Saved data entries:
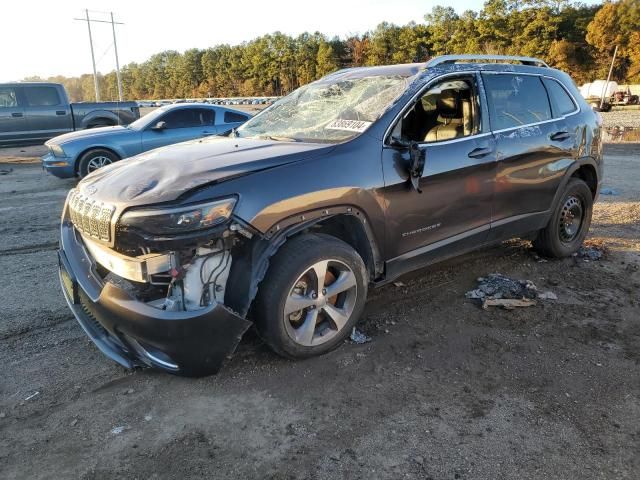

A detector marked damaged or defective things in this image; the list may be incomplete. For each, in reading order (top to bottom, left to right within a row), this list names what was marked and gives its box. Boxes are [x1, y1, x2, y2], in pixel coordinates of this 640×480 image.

shattered windshield [235, 74, 410, 143]
broken headlight [119, 198, 236, 235]
damaged gray suv [57, 54, 604, 376]
crumpled front bumper [58, 219, 252, 376]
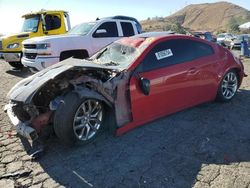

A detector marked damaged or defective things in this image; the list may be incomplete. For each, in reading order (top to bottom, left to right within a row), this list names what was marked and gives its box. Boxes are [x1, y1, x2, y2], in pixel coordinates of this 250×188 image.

shattered windshield [21, 15, 39, 32]
shattered windshield [93, 42, 141, 68]
crumpled hood [6, 58, 122, 103]
red damaged coupe [4, 32, 245, 148]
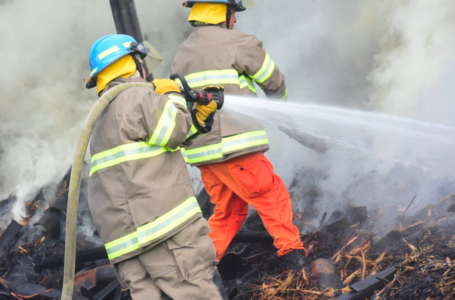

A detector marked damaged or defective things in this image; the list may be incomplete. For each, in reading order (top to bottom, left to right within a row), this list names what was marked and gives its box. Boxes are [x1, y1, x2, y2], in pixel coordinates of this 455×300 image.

burnt debris pile [0, 168, 454, 298]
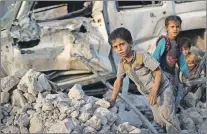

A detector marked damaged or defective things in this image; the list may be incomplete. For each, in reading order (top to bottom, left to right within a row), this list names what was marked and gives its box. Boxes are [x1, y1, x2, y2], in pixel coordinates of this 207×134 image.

destroyed vehicle [0, 1, 206, 93]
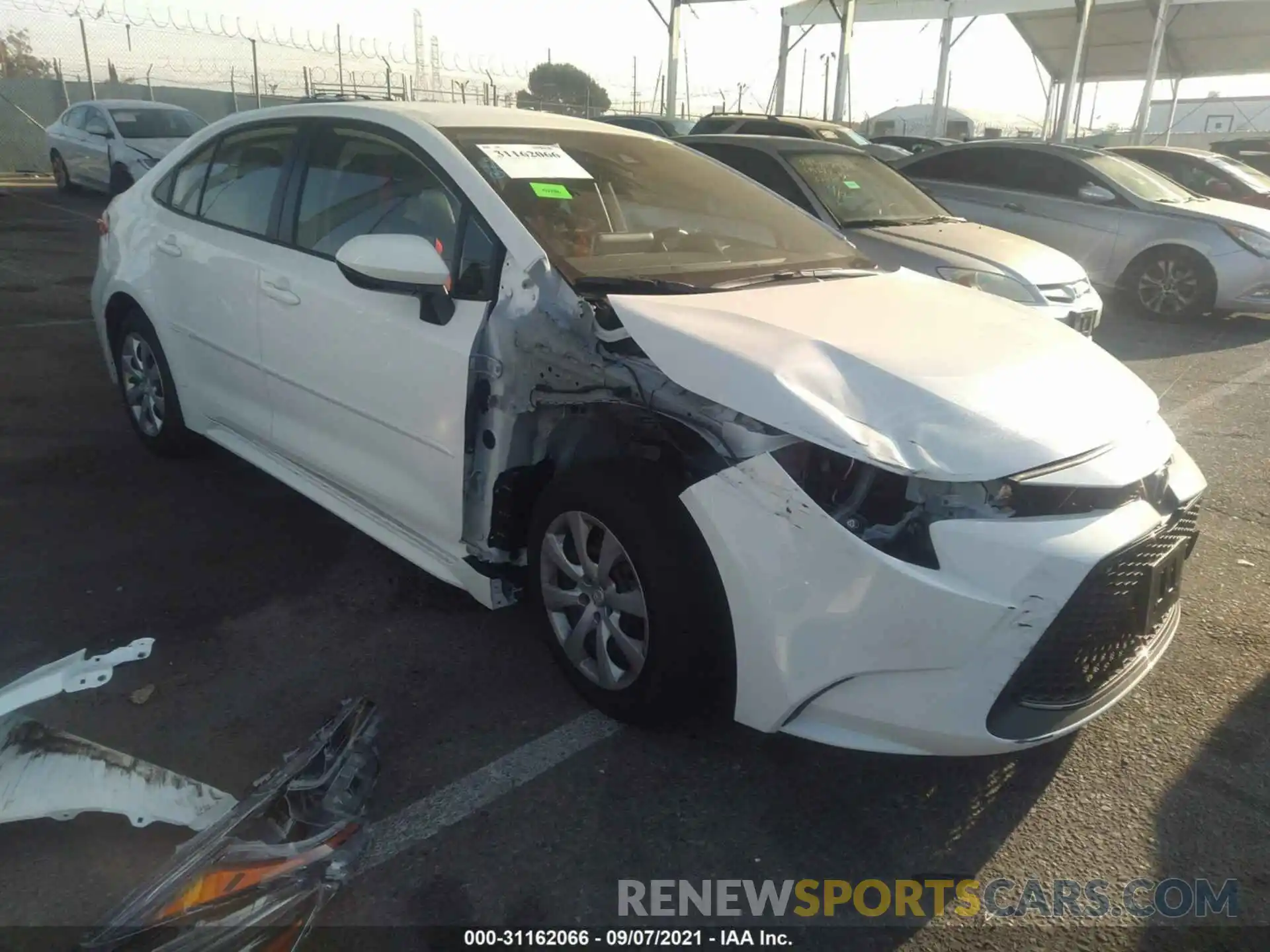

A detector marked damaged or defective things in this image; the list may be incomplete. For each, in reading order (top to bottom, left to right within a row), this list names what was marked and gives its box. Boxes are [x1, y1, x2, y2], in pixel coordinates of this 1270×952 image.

detached headlight assembly [1228, 225, 1270, 258]
detached headlight assembly [937, 266, 1037, 303]
damaged white sedan [94, 104, 1206, 756]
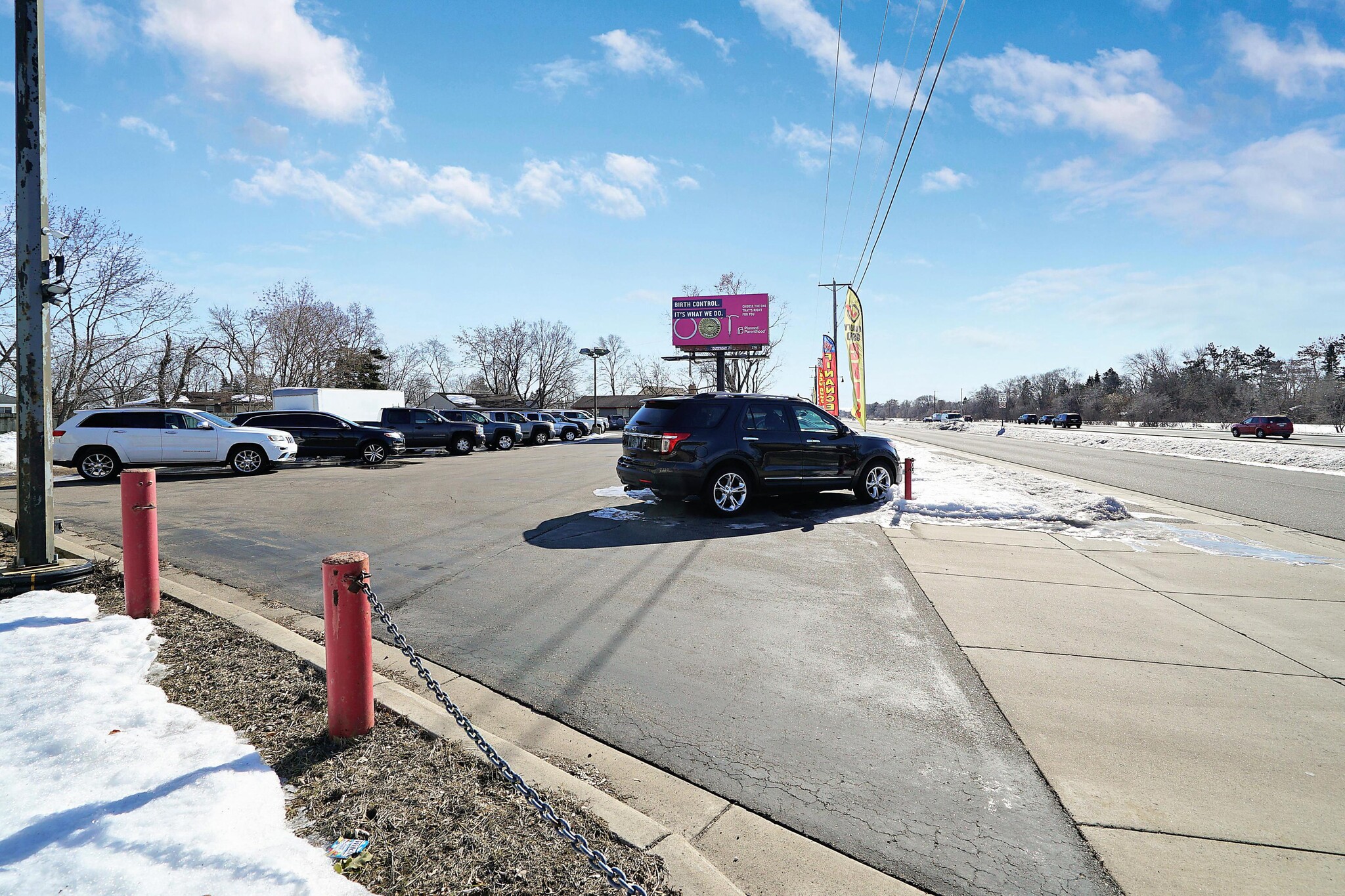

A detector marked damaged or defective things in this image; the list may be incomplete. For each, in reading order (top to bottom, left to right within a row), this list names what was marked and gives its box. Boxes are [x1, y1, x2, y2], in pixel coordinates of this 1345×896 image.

rusty metal pole base [0, 556, 96, 599]
cracked concrete [26, 440, 1118, 896]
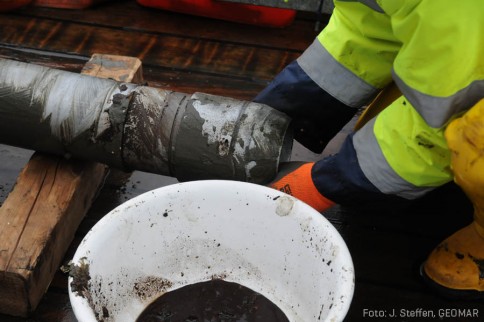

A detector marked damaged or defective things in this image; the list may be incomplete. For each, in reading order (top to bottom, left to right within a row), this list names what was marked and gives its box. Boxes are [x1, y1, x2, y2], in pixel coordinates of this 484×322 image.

rusty metal bar [0, 58, 292, 184]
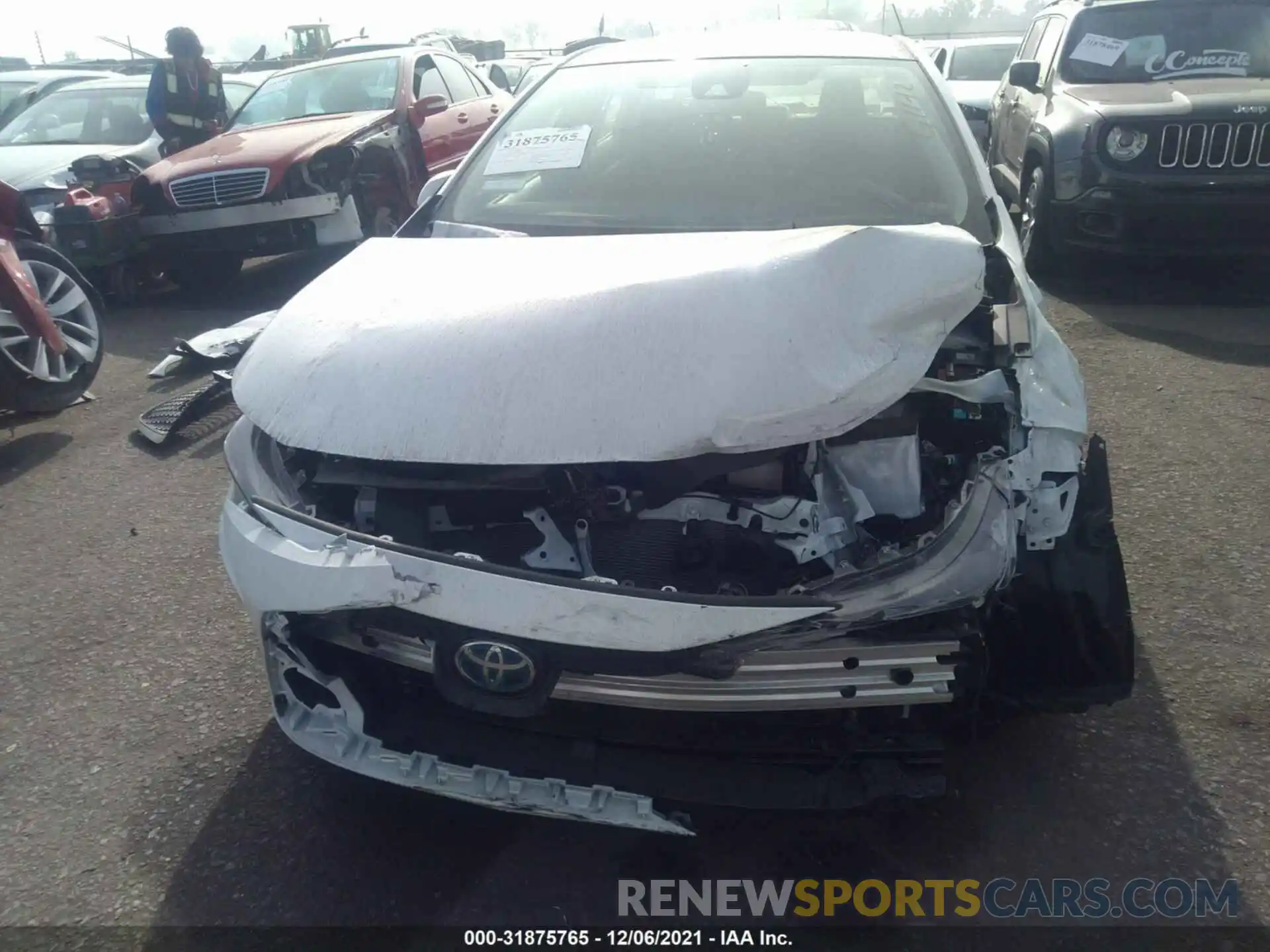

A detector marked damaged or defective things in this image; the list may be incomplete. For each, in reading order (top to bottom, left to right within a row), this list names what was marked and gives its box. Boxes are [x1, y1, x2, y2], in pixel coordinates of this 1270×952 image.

red damaged sedan [130, 48, 505, 290]
crumpled white hood [233, 223, 985, 461]
white damaged car [216, 32, 1132, 832]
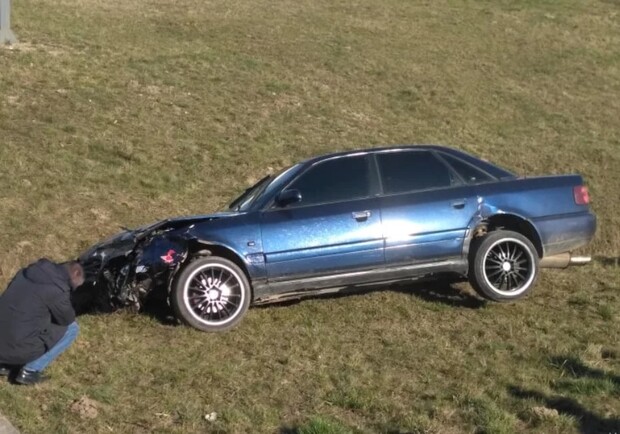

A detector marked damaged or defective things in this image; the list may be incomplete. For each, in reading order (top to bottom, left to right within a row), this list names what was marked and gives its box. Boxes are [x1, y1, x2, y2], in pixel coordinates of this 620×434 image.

damaged blue car [76, 146, 596, 332]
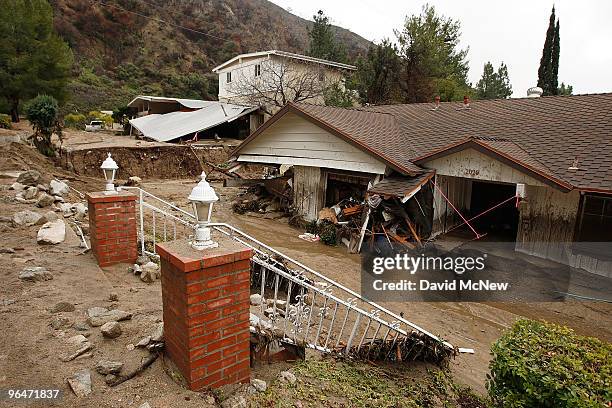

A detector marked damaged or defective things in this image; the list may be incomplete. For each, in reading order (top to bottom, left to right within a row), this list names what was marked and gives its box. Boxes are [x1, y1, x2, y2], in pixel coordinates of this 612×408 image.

#### ASSIGNED TASK:
Restate, word for word, each line from the line containing "this 1345×896 image." through the end of the entries above; the pictures are not part of the copy.

#### EXERCISE ANSWER:
A detector marked damaged or defective things in this image; the list may be incomplete. For each, in reading order (top to bottom, left to right within a row), this list names what was marked and gives its box. Boxes are [x1, y1, x2, y2], in pixel coordinates of this 1345×896 image.

rusty metal pole base [0, 556, 96, 599]
cracked concrete [26, 440, 1118, 896]

A detector marked damaged or defective things in this image; the list may be incomplete. For each, in reading order (top to bottom, left to right within a row), this list names what was marked and gives its box. Boxes are [x1, y1, x2, y2], in pixel coordinates of this 484×322 image.

rusty metal bar [0, 58, 292, 184]

A detector marked damaged or defective things in this image; the list may be incomplete. For each, in reading order (top to bottom, left to right within a row), this list names what was marked and gives its box. Boxes are [x1, y1, x2, y2], in pixel coordinates of this 1270×952 image.

red damaged sedan [130, 48, 505, 290]
crumpled white hood [233, 223, 985, 461]
white damaged car [216, 32, 1132, 832]

A detector marked damaged or defective things in this image; the list may be incomplete. For each, in reading order (top to bottom, left to right within a row), this list names what was marked and gives its box. Boxes are [x1, y1, x2, y2], in pixel coordinates of this 620×434 image.

damaged blue car [76, 146, 596, 332]

A detector marked damaged or defective things in this image; the list may be incomplete. For each, in reading order (top to bottom, left to right within a row), this list names what was marked and gives its box. Boxes are [x1, y1, x2, y2], in pixel coordinates of this 612×408 image.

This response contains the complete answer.